I'm in either with a boat or as a crew member, depends how many people we get without a boat ride. This will be a great gathering!

ben


----------



## mich buckmaster (Nov 20, 2001)

I do NOT have a boat to go on Lake Michigan, so if anyone has room I would be abliged(sp). 

I would like to make this outing.


----------



## tgafish (Jan 19, 2001)

Tim I've been drooling over the thought of digging into some of that salsa you make. I think I'll bring a personal bag of chips.

For those interested I run a 17ft Deep V Tracker. Already made an offer to ride to Hunter333 but if he backs out I'll need a passenger. 

Sorta in the same thought as SS. However the numbers go I wouldn't mind being a captain or a mate. Now if mother nature would give us a break for a while.....

Tom


----------



## STEELHEAD (Jan 14, 2001)

I have room for 3 people on my boat. SalmonSlayer and 
Buckmaster you can fish with me if you want? Let me know if you guys would like a ride.


----------



## POLARBEAR (May 13, 2002)

i think i could use a trip like this.  if my boat is down i will need a ride. fri, sat, sun. lets go fishin!


----------



## mich buckmaster (Nov 20, 2001)

Steelhead!! Thanks a ton, I would love it. I will bring some eats and drinks. Also a little gas fund!! 

I will PM you about times and all that good stuff. I will be looking forward to it.


----------



## SalmonSlayer (Jan 18, 2000)

Okay fellas, this really miffs me! I KNEW something was up that day. I cannot make the morning trips. I will be at the grill-out at Riverview though. I promised a LONG time ago to take some high schoolers to play paintball in the morning. Stupid me forgot to write it down in my palm pilot so of course I looked and it was open.  I'm really dissappointed in myself at this one. 

Troy, thanks a million for the offer, but I'm going to have to give it to another member. Whomever takes it, you are one lucky buck to get to fish with mich buckmaster and STEELHEAD. A great couple o guys! 

Is anyone planning on an afternoon/evening trip??? after the grill and social times? If not, I'll still be on the water...by meself.

ben


----------



## STEINFISHSKI (Jan 30, 2001)

Ben, how many high schoolers'? Do they like salmon fishing? One day license is only $4 or $7. 

Sorry you aren't fishing, but not as sorry as you are.

I picked up an 11" Hotspot last night that should do the trick.


----------



## DonP (Nov 15, 2000)

All these people buying those 11" Coyote or Hotspot flashers.... I wonder what brought that on? 

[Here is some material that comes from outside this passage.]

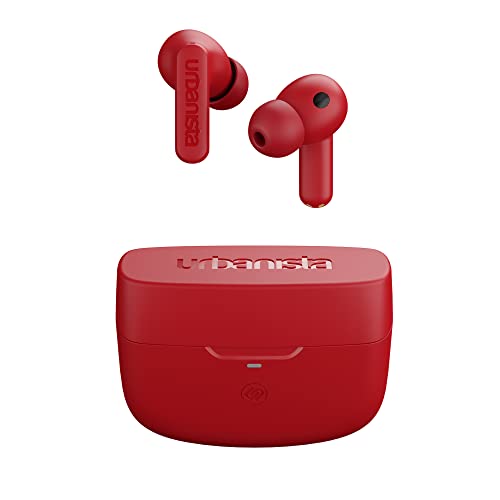 Urbanista Atlanta In Ear Kopfhörer Bluetooth Noise Cancelling, Hybrid ANC, Tiefe Bässe, spritzwassergeschützt, Multipoint Pairing Earbuds, Transparenzmodus, Ladecase kabellos, Vibrierendes Rot von Urbanista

By the way... as some nice little fun side action. I propose that all boats that attend the outing... throw in 5 bones for a big fish pot... winner take all. 

What do ya think?


----------



## STEINFISHSKI (Jan 30, 2001)

Talk is just that. Seeing is BELIEVING.

Don, maybe it's time you get one too...


----------



## SalmonSlayer (Jan 18, 2000)

5 of em per team and probably only half of em like fishing and only half of those have EVER been fishing. It is my goal to get some of them out of my boat this summer, so there's hope for them yet. It'd be pretty crummy of me to back out of this now. 

Tim, you better catch something BIG on that flasher! You know what to run behind it and where to put it! 

Don, that's a good idea...a big fish contest...too bad I won't be there to take your $!!!


----------



## DonP (Nov 15, 2000)

Hmmmm....

By the way.... where is Capt. Squeezie on this one? 

Tim... you might want to shoot him over a PM and let him know this thread is here.


----------



## SalmonSlayer (Jan 18, 2000)

I just did that...he's really quiet these days!


----------



## Brian S (Apr 5, 2002)

If anyone needs another crewmember let me know.


----------



## Spanky (Mar 21, 2001)

Hello gang.I have been quiet lately! Bout time!
I would love to make this outing!.......But I will be at lake erie for thurs-sun of that weekend! I sure would love to meet some of our MS members who are fishing over there though! I will be staying at a monroe motel for the few days I am there, If anyone else will be there that weekend, PM me and let me know!


I will miss the Joe outting, sorry, and thanks for thinking of me guys.I will be fishing a tourney with "steelhead" this sat though! I will make sure that the "wave dancer" is in her usual fishcatching mode!


----------



## fishctchr (Dec 3, 2000)

I will be there that weekend running a morning trip sat. and sun. I would love to hook up for a little chow in the pm. What can I bring to help out ? We should see if we can get some of those east siders to come over too. Shoe, Clay, Split, Getaway ? Maybe slip out in my scow for an evening drink/bite.


----------



## STEINFISHSKI (Jan 30, 2001)

Cool Dave, look forward to seeing you out there. I don't know what I'm bringing yet and so far only 3-4 boats coming? Maybe we should make a list so we don't all bring smoked salmon. 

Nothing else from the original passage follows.